WHAT IS REQUIRED —
Write out all of the entries exactly as given.

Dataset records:
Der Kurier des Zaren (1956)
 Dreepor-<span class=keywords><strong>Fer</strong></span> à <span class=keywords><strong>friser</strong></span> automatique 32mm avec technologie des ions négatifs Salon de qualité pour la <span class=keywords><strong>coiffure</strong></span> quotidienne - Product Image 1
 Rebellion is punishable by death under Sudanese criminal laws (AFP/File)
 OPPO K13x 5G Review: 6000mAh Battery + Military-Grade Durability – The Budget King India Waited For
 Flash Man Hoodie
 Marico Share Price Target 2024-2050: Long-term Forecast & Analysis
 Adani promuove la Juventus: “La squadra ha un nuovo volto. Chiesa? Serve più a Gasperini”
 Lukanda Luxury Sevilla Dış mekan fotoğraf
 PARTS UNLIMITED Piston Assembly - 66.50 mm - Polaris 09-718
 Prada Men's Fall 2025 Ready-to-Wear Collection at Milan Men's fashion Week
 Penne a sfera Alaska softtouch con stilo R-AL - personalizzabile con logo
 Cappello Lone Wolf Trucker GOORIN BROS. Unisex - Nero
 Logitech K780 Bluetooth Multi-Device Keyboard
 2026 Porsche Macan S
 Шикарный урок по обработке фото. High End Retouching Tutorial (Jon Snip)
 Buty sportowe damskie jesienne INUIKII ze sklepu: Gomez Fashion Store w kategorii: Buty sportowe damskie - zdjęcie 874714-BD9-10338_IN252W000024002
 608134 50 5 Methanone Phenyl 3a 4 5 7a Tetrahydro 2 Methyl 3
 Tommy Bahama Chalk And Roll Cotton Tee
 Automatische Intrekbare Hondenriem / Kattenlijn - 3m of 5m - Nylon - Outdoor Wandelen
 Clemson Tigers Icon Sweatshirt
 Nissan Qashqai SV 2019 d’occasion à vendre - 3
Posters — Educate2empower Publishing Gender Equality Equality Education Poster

ANSWER BOX —
Der Kurier des Zaren (1956)
 Dreepor-<span class=keywords><strong>Fer</strong></span> à <span class=keywords><strong>friser</strong></span> automatique 32mm avec technologie des ions négatifs Salon de qualité pour la <span class=keywords><strong>coiffure</strong></span> quotidienne - Product Image 1
 Rebellion is punishable by death under Sudanese criminal laws (AFP/File)
 OPPO K13x 5G Review: 6000mAh Battery + Military-Grade Durability – The Budget King India Waited For
 Flash Man Hoodie
 Marico Share Price Target 2024-2050: Long-term Forecast & Analysis
 Adani promuove la Juventus: “La squadra ha un nuovo volto. Chiesa? Serve più a Gasperini”
 Lukanda Luxury Sevilla Dış mekan fotoğraf
 PARTS UNLIMITED Piston Assembly - 66.50 mm - Polaris 09-718
 Prada Men's Fall 2025 Ready-to-Wear Collection at Milan Men's fashion Week
 Penne a sfera Alaska softtouch con stilo R-AL - personalizzabile con logo
 Cappello Lone Wolf Trucker GOORIN BROS. Unisex - Nero
 Logitech K780 Bluetooth Multi-Device Keyboard
 2026 Porsche Macan S
 Шикарный урок по обработке фото. High End Retouching Tutorial (Jon Snip)
 Buty sportowe damskie jesienne INUIKII ze sklepu: Gomez Fashion Store w kategorii: Buty sportowe damskie - zdjęcie 874714-BD9-10338_IN252W000024002
 608134 50 5 Methanone Phenyl 3a 4 5 7a Tetrahydro 2 Methyl 3
 Tommy Bahama Chalk And Roll Cotton Tee
 Automatische Intrekbare Hondenriem / Kattenlijn - 3m of 5m - Nylon - Outdoor Wandelen
 Clemson Tigers Icon Sweatshirt
 Nissan Qashqai SV 2019 d’occasion à vendre - 3
Posters — Educate2empower Publishing Gender Equality Equality Education Poster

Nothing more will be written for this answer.